1. What is electric flux?

Electric flux is the measure of electric field lines passing through a given surface.

2. What is the formula of electric flux?

Φ_E = E · A = EA cosθ

3. What does theta represent in electric flux?

Theta is the angle between electric field vector and area vector.

4. When is electric flux maximum?

Electric flux is maximum when θ = 0°, because electric field is parallel to area vector.

5. When is electric flux zero?

Electric flux is zero when θ = 90°, because electric field is perpendicular to area vector.

6. What is area vector?

Area vector is a vector perpendicular to the surface.

7. What is the direction of area vector for a closed surface?

For a closed surface, area vector is always outward normal.

8. Is electric flux a scalar or vector quantity?

Electric flux is a scalar quantity because it is obtained by dot product.

9. What is the SI unit of electric flux?

The SI unit of electric flux is N m²/C.

10. Can electric flux be negative?

Yes, electric flux is negative when electric field lines enter a closed surface.

11. When is flux positive for a closed surface?

Flux is positive when electric field lines come out of the closed surface.

12. What is net electric flux through a closed surface if no charge is enclosed?

Net electric flux is zero.

13. Does electric flux depend on shape of closed surface?

No, for a closed surface flux depends only on enclosed charge.

14. State Gauss theorem.

Net electric flux through a closed surface is equal to charge enclosed divided by ε₀.

15. Formula of Gauss theorem?

∮ E · dS = Q / ε₀

16. If charge is outside a closed surface, what is net flux?

Net flux due to outside charge is zero because field lines entering and leaving are equal.

17. Can electric field be non-zero when net flux is zero?

Yes, electric field can be non-zero even if net flux is zero.

18. Why is dot product used in electric flux?

Because only the component of electric field perpendicular to the surface contributes to flux.

19. If electric field is along the surface, what is flux?

Flux is zero.

20. If area is doubled, what happens to flux?

Flux becomes double, if electric field and angle remain same.

21. If electric field is doubled, what happens to flux?

Flux becomes double, if area and angle remain same.

22. What is flux through a sphere enclosing charge Q?

Φ_E = Q / ε₀

23. What is flux through a cube enclosing charge Q?

Φ_E = Q / ε₀

24. If charge Q is at the center of a cube, flux through one face is?

Flux through one face = Q / 6ε₀

25. Why is electric flux important?

Electric flux helps us apply Gauss theorem and calculate electric field easily in symmetric charge distributions.

Applications of Gauss Theorem

Gauss Theorem is one of the most powerful tools in Electrostatics.
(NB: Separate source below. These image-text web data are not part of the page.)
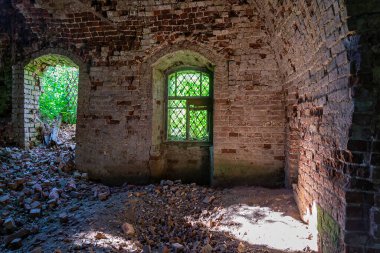 Rusya 'nın Kostroma ilinin Isupovo köyünde terk edilmiş bir Ortodoks kilisesinin içinde. İnşaat yılı 1740. Şu anda tapınak terk edilmiş durumda..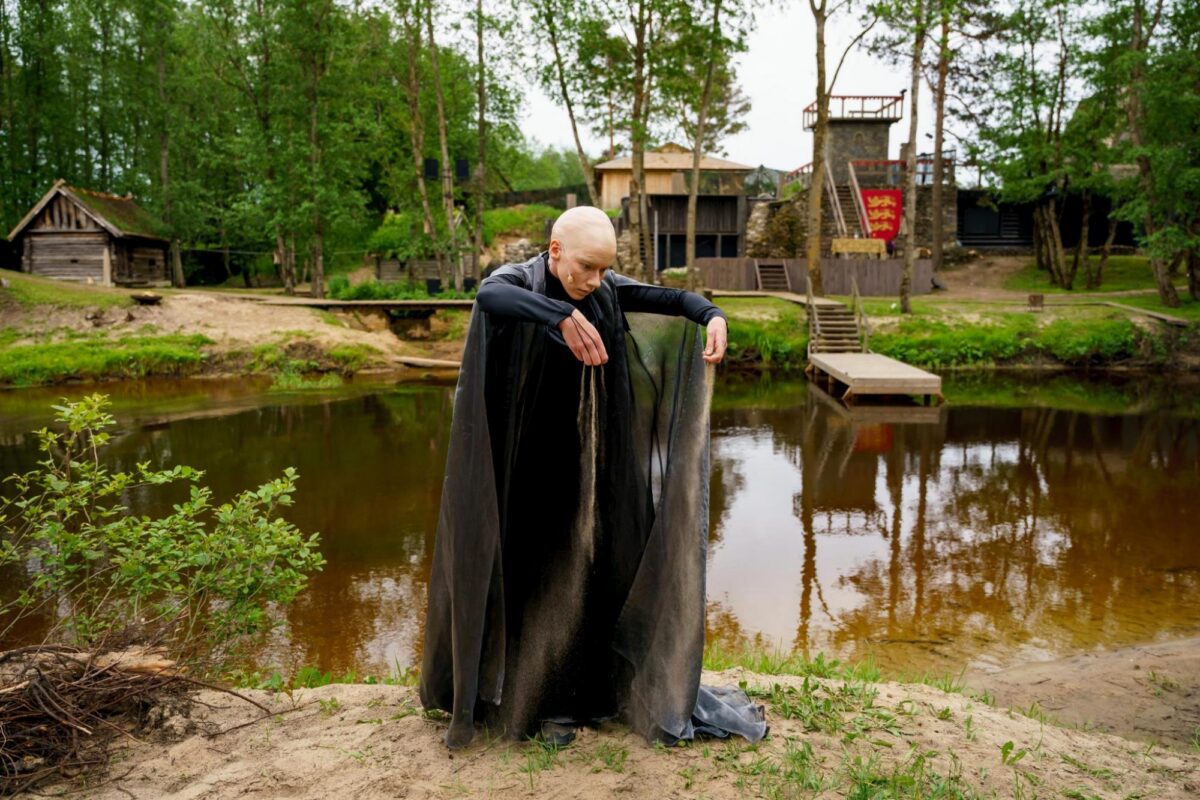 N&auml;itleja, kes k&otilde;nnib vee peal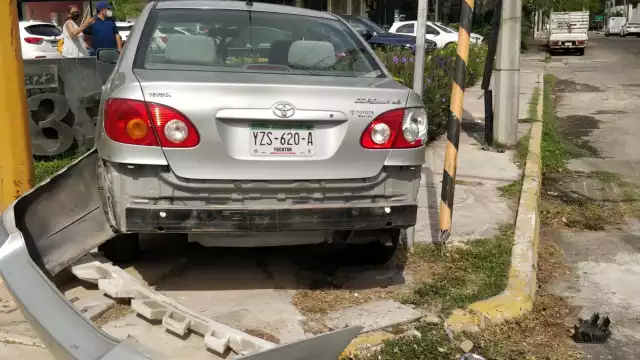 El letrero de una plaza comercial de Mérida fue dañado por un conductor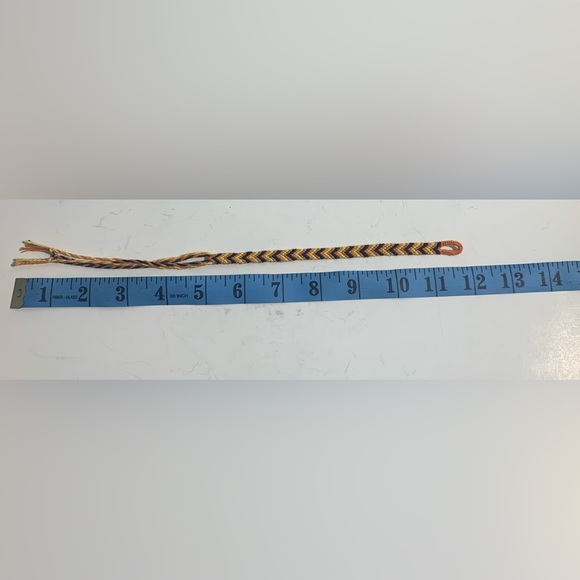 Hand crafted macrame bracelet - Picture 6 of 6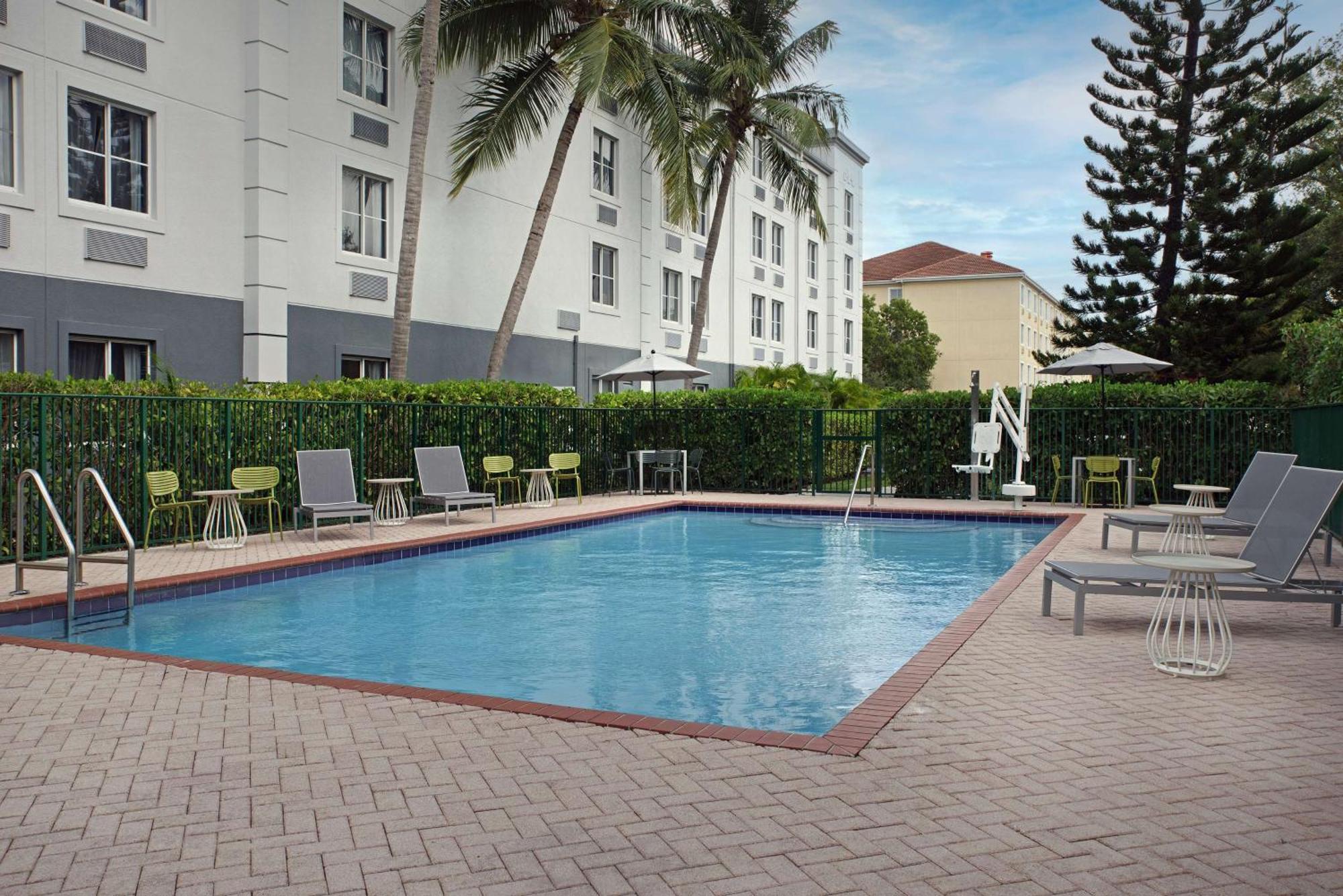 Spark By Hilton Miami Doral Hotel Sweetwater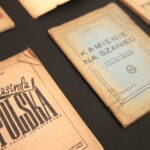 Wojenne losy por. Tadeusza Rojka i jego rodziny na wystawie w OMPiO / Marzena Mąkosa / Radio Kielce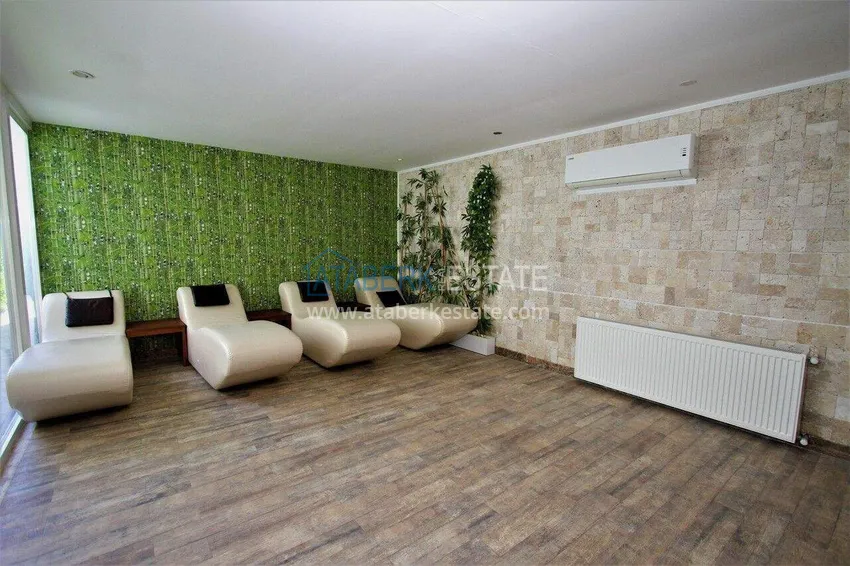 2+1 mieszkanie 140 m2 w Mahmutlar — meble, przeszklony balkon, kompleks premium 24 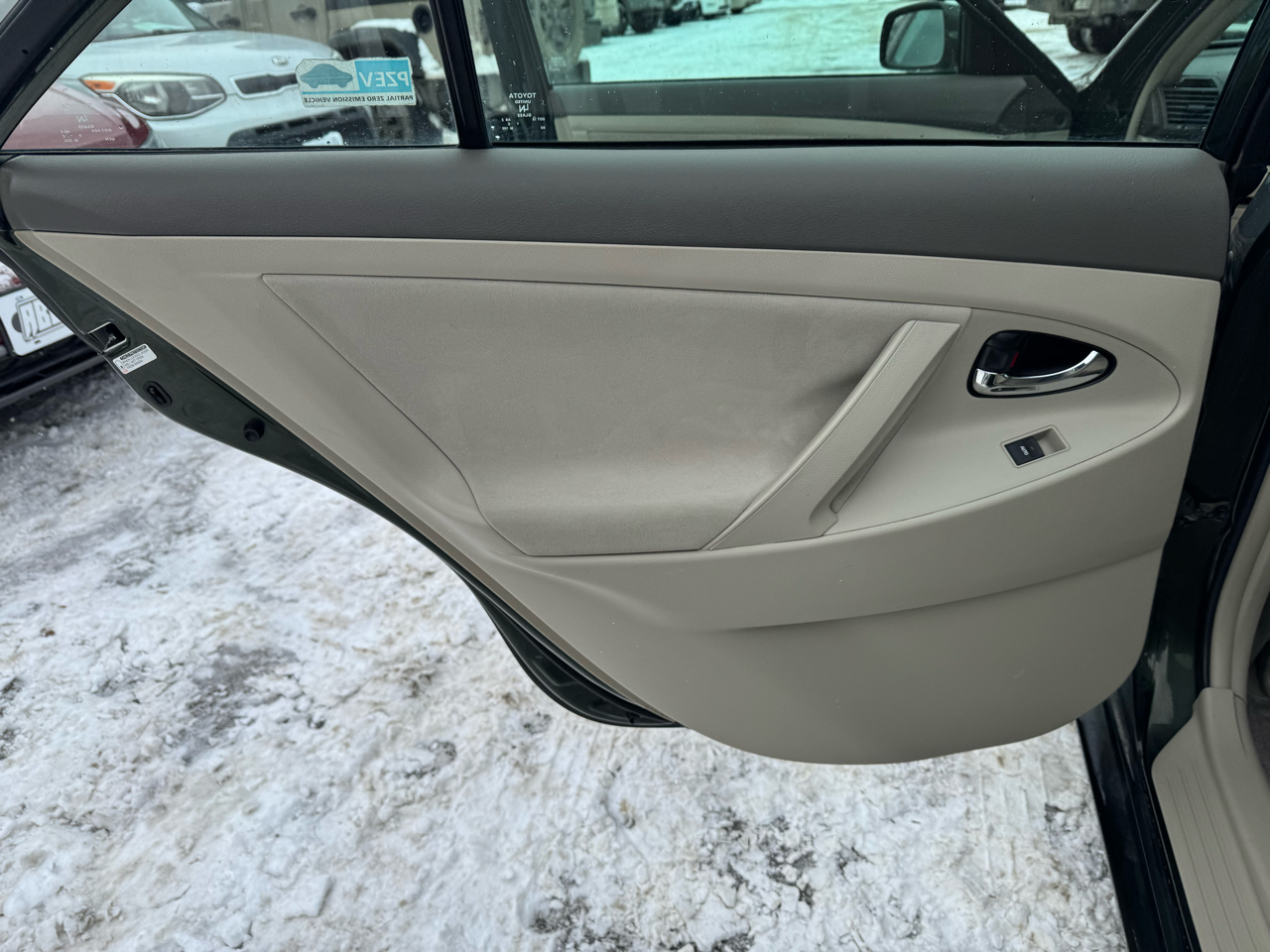 Toyota Camry 4dr Sdn I4 Auto LE (Natl) 2010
It is used to find electric field due to symmetric charge distributions like line charge, conducting sheet, conducting sphere and non-conducting sphere.

∮ E · dS = Q_in / ε₀

1. Electric Field Due to Infinite Line Charge

Infinite line charge λ Gaussian cylinder radius r

Consider an infinitely long straight line charge having uniform linear charge density λ. To find electric field at distance r, we choose a cylindrical Gaussian surface of radius r and length L.

Derivation

Charge enclosed by Gaussian cylinder:

Q_in = λL

By Gauss theorem:

∮ E · dS = Q_in / ε₀

Electric field is radial and constant on curved surface. Flux through end caps is zero.

E × 2πrL = λL / ε₀

E = λ / 2π ε₀ r

Result

Electric field due to infinite line charge is inversely proportional to distance r.

E r

2. Electric Field Due to Infinite Conducting Plane Sheet

← E E → Conducting plane sheet

Consider an infinite conducting plane sheet having surface charge density σ. We choose a pillbox Gaussian surface crossing the sheet.

Derivation

Charge enclosed:

Q_in = σA

Total flux passes through two flat faces of pillbox:

Φ = EA + EA = 2EA

By Gauss theorem:

2EA = σA / ε₀

E = σ / 2ε₀

Important Point

Electric field due to infinite plane sheet is independent of distance.

E r

3. Electric Field Due to Conducting Sphere

Charge on surface

In a conducting sphere, all charge resides on the outer surface. Electric field inside the conductor is zero.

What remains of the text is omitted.